Crawled caption data
= Beginning of Section =

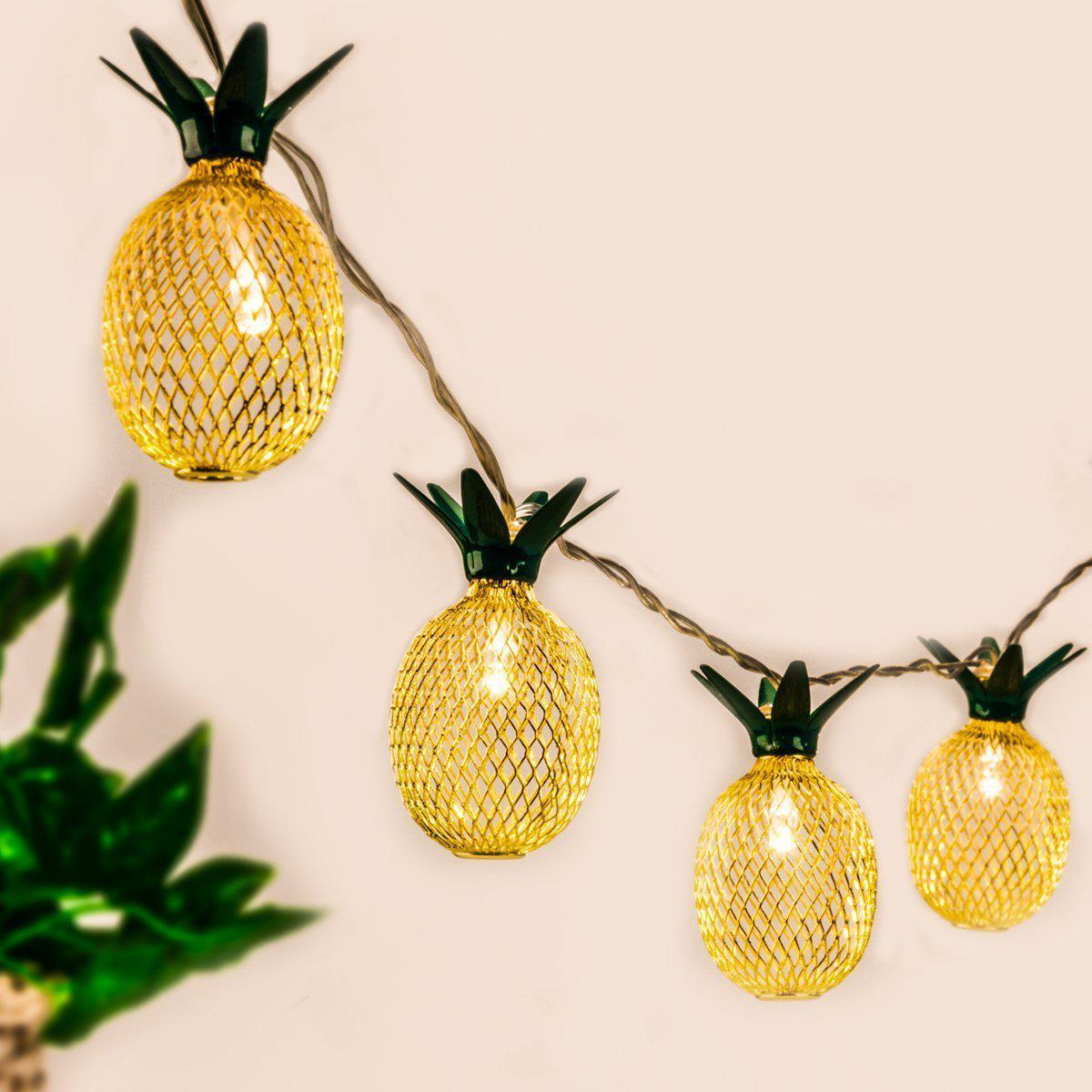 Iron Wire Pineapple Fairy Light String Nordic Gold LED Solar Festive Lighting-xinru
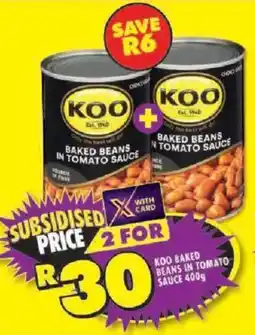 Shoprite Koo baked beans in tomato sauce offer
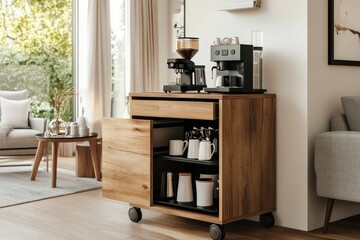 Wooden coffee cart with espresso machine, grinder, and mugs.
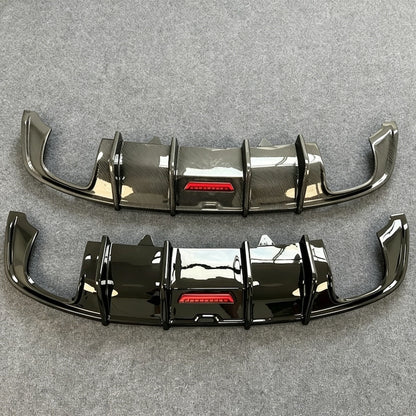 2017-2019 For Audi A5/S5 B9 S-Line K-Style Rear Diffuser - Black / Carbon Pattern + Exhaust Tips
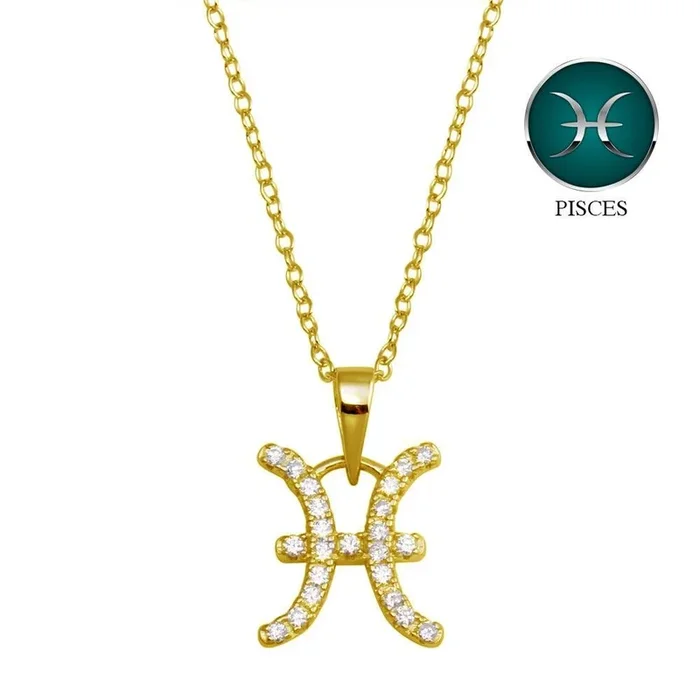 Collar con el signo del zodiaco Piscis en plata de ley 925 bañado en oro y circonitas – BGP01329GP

= End of Section =

What to produce:
I would like an exact copy of the lines from the one holding "Shoprite Koo baked" through the last line of the entries above, with the pictures left out.

Reply:
 Shoprite Koo baked beans in tomato sauce offer
 Wooden coffee cart with espresso machine, grinder, and mugs.
 2017-2019 For Audi A5/S5 B9 S-Line K-Style Rear Diffuser - Black / Carbon Pattern + Exhaust Tips
 Collar con el signo del zodiaco Piscis en plata de ley 925 bañado en oro y circonitas – BGP01329GP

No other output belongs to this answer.